__Exercise requirements__: The entries are to be reproduced verbatim, and their pictures left out.

--- Exercise materials ---

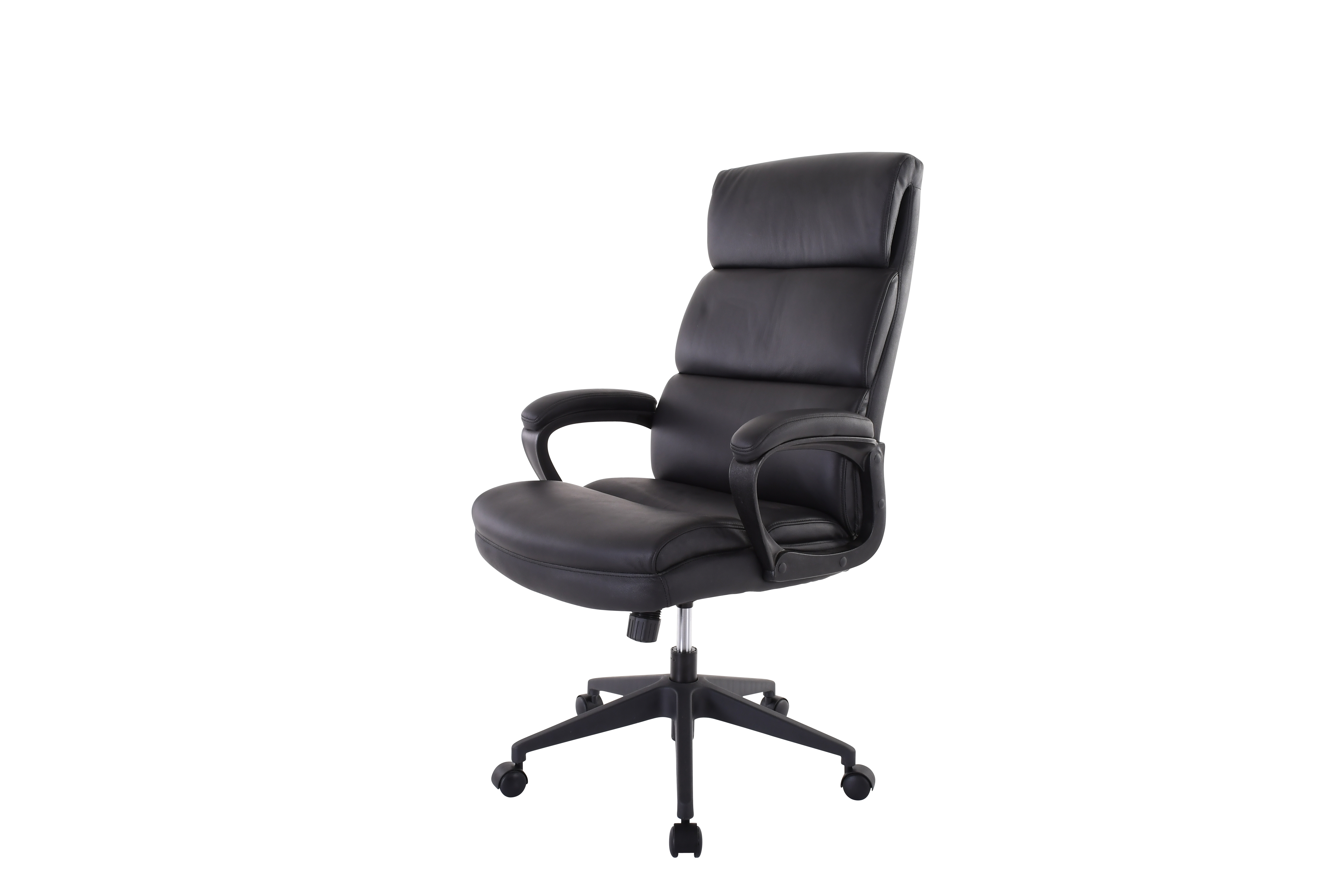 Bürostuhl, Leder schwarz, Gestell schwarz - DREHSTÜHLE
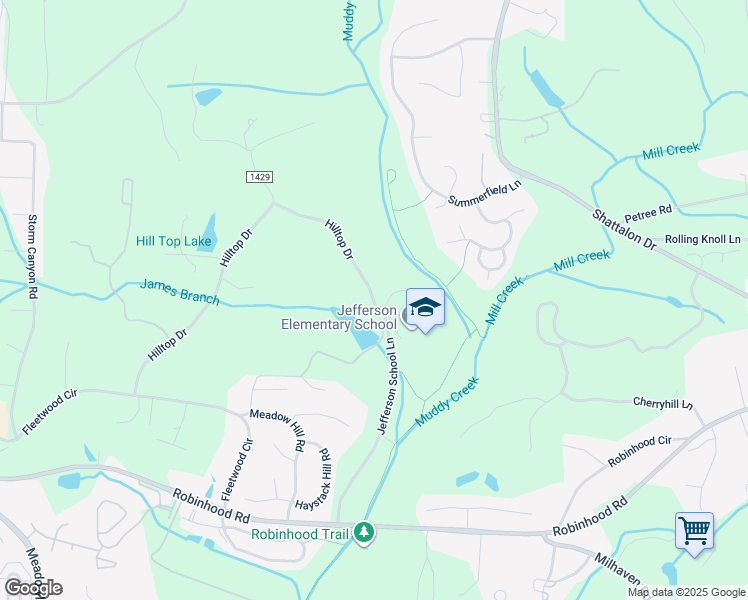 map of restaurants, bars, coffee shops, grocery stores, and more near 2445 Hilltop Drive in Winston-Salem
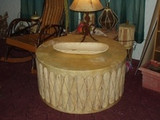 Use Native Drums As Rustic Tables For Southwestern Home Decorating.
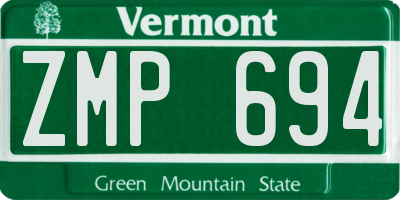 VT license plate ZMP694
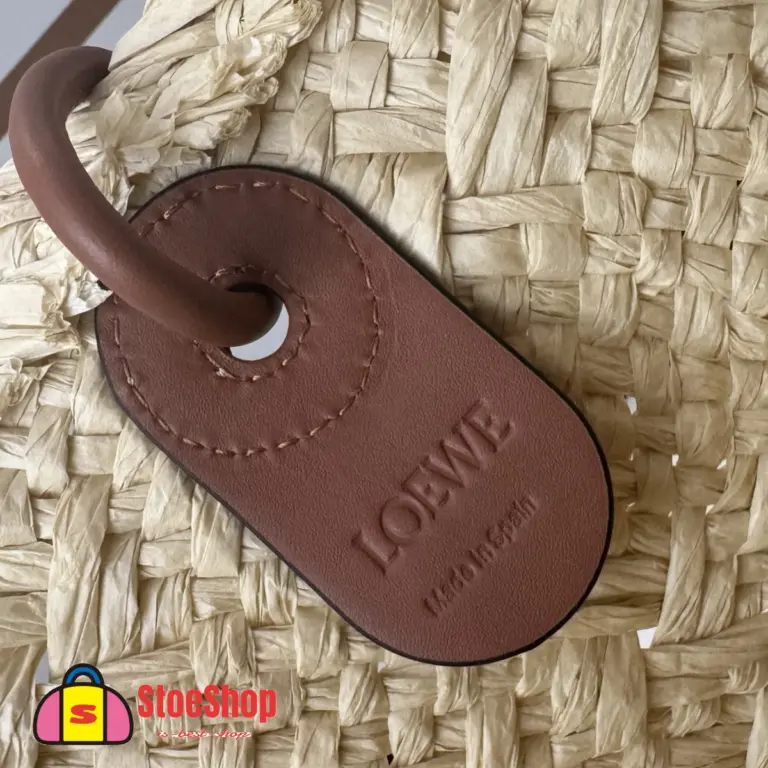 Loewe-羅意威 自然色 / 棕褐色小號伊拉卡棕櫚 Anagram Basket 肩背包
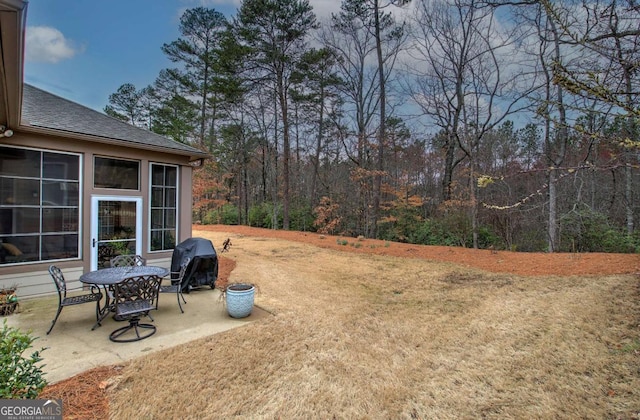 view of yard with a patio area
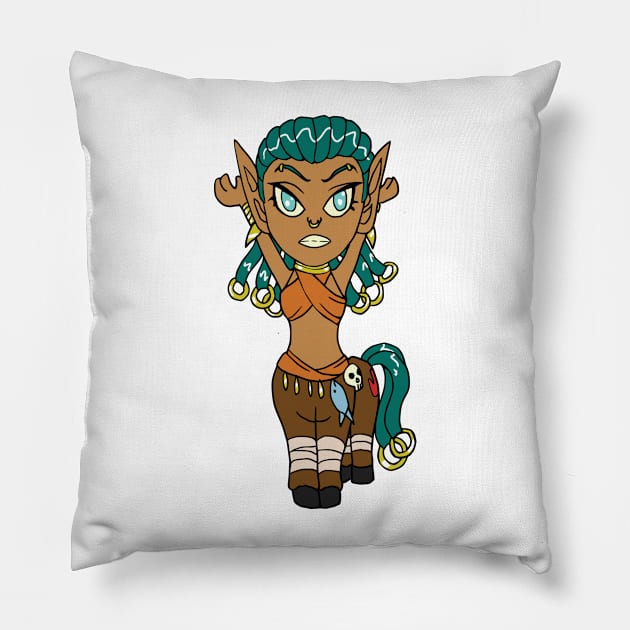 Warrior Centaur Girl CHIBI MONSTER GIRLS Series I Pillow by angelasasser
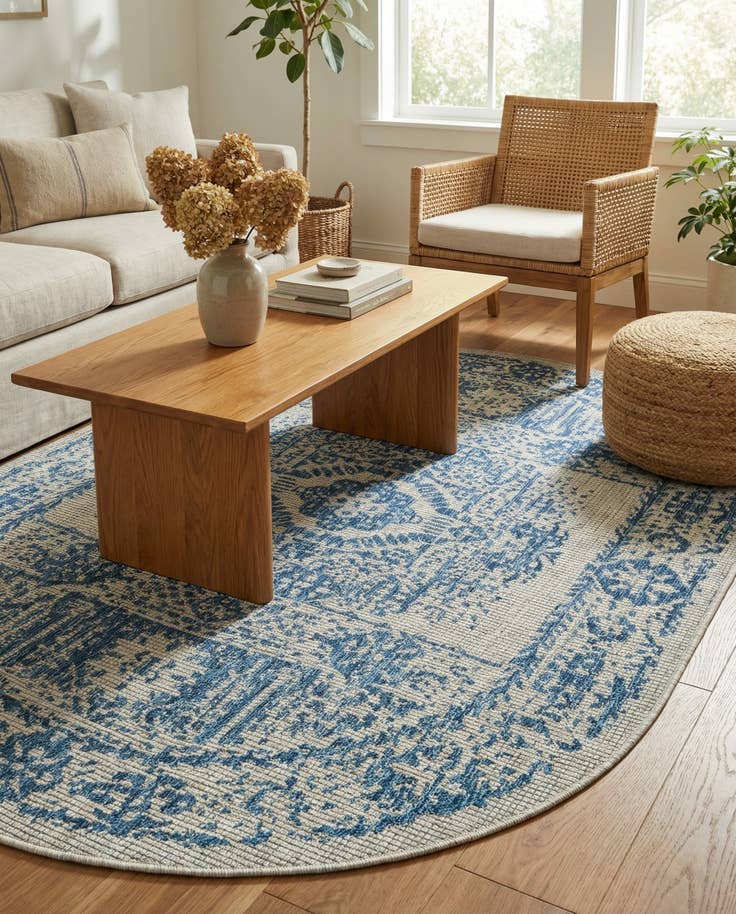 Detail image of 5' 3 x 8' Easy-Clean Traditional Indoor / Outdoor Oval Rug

---

__Answer__:
 Bürostuhl, Leder schwarz, Gestell schwarz - DREHSTÜHLE
 map of restaurants, bars, coffee shops, grocery stores, and more near 2445 Hilltop Drive in Winston-Salem
 Use Native Drums As Rustic Tables For Southwestern Home Decorating.
 VT license plate ZMP694
 Loewe-羅意威 自然色 / 棕褐色小號伊拉卡棕櫚 Anagram Basket 肩背包
 view of yard with a patio area
 Warrior Centaur Girl CHIBI MONSTER GIRLS Series I Pillow by angelasasser
 Detail image of 5' 3 x 8' Easy-Clean Traditional Indoor / Outdoor Oval Rug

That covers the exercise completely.